(Caption-style text data)
▼

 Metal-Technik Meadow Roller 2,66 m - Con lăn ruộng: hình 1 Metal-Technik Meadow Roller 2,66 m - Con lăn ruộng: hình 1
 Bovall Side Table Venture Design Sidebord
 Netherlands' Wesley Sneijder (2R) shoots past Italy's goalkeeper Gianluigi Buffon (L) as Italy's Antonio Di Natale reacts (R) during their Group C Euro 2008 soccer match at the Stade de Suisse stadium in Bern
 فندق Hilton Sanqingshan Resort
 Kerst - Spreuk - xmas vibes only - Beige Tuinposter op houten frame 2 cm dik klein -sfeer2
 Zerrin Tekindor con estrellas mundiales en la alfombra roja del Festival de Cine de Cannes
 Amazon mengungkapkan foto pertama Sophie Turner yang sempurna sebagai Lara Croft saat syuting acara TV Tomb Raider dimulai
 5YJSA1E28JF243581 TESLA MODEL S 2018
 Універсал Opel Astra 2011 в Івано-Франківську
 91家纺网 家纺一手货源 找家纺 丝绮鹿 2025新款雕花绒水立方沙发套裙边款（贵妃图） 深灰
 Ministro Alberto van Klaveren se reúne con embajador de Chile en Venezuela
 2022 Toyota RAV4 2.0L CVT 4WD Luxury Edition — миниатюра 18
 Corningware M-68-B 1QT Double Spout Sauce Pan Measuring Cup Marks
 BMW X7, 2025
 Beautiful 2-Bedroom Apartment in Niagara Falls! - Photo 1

▲

## PROBLEM REQUIREMENTS
Output the line containing "Corningware M-68-B 1QT" together with all later lines of the entries, exactly as written, through the final line.

## ANSWER FOR THIS EXERCISE
 Corningware M-68-B 1QT Double Spout Sauce Pan Measuring Cup Marks
 BMW X7, 2025
 Beautiful 2-Bedroom Apartment in Niagara Falls! - Photo 1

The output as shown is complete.